Here's Carmen and I exactly one month after my Lapband surgery--September 2007--at a friend's party. It was the first time in a very long time that I didn't have to run out and buy something new! I had a whole closet and attic filled with clothes I could finally wear! And, it was the first time in a very long time that I didn't cringe at looking at a picture of myself. I was definitely feeling better about myself and I knew things would get better and better! The hope was beginning to feel warranted.


Here's Carmen and I on Christmas Day 2008 right before the house filled with family and friends. It was a good day--I wore a pair of jeans that I didn't buy in the plus size department. All of that hope I had for all of those months manifested itself in the knowledge that I could LOOK and feel good for the first Christmas Day in a very long time....


Here's Carmen and I at a friend's party in March 2009. Yes...that's a new blouse in a size to be happy about! And, I absolutely loved finding it and buying it! The hope had turned to happiness.




And, the journey continues....with the hope that keeps me (and all of us!) going....

Living Hopefully Ever After in Judiland......

8 comments:

Anonymous said...

Loved the pics, never get sick of them...thanks for sharing!!!

Jill from NY

Jody V said...

And we have lived with you through this journey...I have a couple things to tell you:
1. You look amazing
2. Thank you for sharing...it helped me on my journey
3. Thanks for being a friend
4. You are fuckinfabulous girlfriend!!

Jody

Debbie said...

YOU LOOK FABULOUS !!!
What a cut pic of the 2 of you in March...I think I'm a picture-holic, I never get tired of looking at pictures. Old,new, doesn't matter.
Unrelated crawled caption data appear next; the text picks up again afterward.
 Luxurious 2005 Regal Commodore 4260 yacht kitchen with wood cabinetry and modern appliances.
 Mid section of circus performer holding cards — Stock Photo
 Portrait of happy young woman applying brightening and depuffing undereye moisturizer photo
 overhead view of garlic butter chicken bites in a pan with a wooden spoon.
You really look great, and most importantly you feel as good on the inside as you look on the outside.
Love you old friend,
Debbie

Essential Oil Premier University said...

Judi, what a wonderful journey you have been on. Thank you for taking all of us with you! You look absolutely FANTASTIC!! I'm so proud of you. Only 8 pounds to go to hit 100 - Whooo-Hoooo. . . that calls for a P-A-R-T-Y - and of course, a new outfit must be purchased to wear for the party too :)

Blessings & Congratulations to you,

Sher

Anonymous said...

You guys looks so cute and you of course look fabulous. Its an amazing transformation and inspiration. Love ya, Lucy

Eileen, Founder, Organizer, Mayor and Chief Cook And Bottle Washer of the Anger Management Girls. said...
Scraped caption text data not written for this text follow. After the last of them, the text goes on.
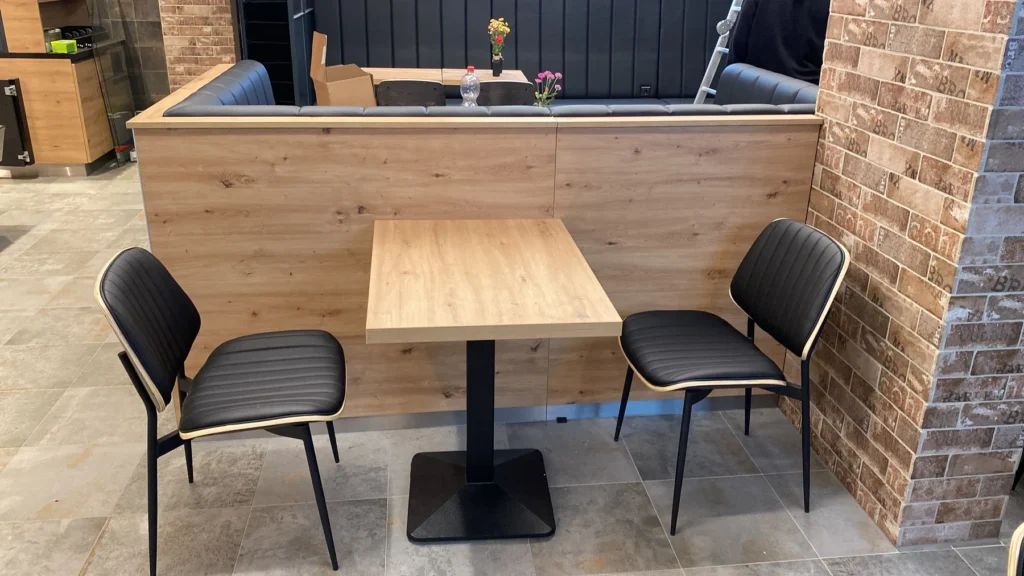 Tisch mit Polsterbank und Stühlen vor Klinkerwand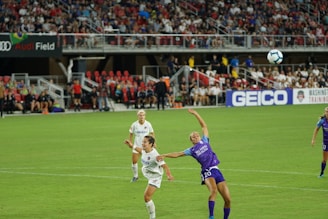 A women's soccer match is in progress on a well-maintained field with players actively competing for the ball. Two players, one in a white jersey and the other in a purple jersey, are the focal point as they leap towards the ball in mid-air. A lively crowd fills the stands in the background, with banners and advertisements visible, including 'Audi Field' and 'GEICO'.
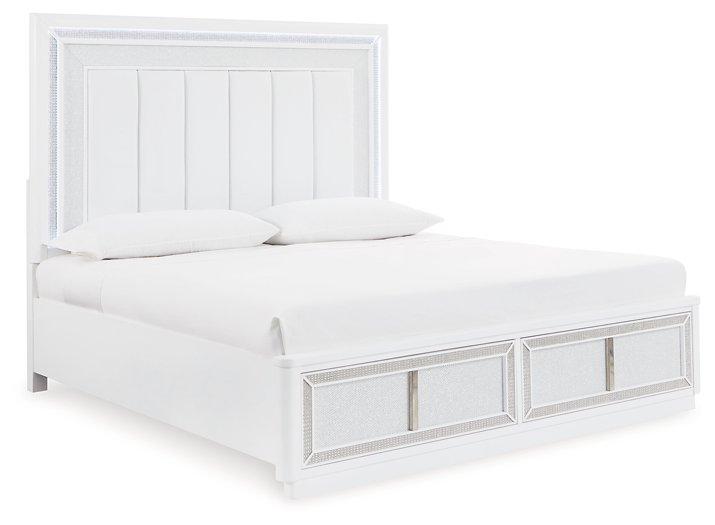 Ashley Furniture Chalanna upholstered storage bed with tufted headboard and built-in storage drawers in a modern bedroom setting.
Plus you are only less than 8 lbs from your goal!!
You look great.
Send some inspiration my way will ya!

Irishembi said...

One thing is the same through all of the pictures. You are so very pretty. LOVE these pictures. I'm still in the hating my pictures phase. :\

Daffodil Hill said...

Girl, you look just like that youngster in the 40's Sucks hat! I am SO totally proud of you. I have loved making this journey with you. Enjoy your success. You deserve it!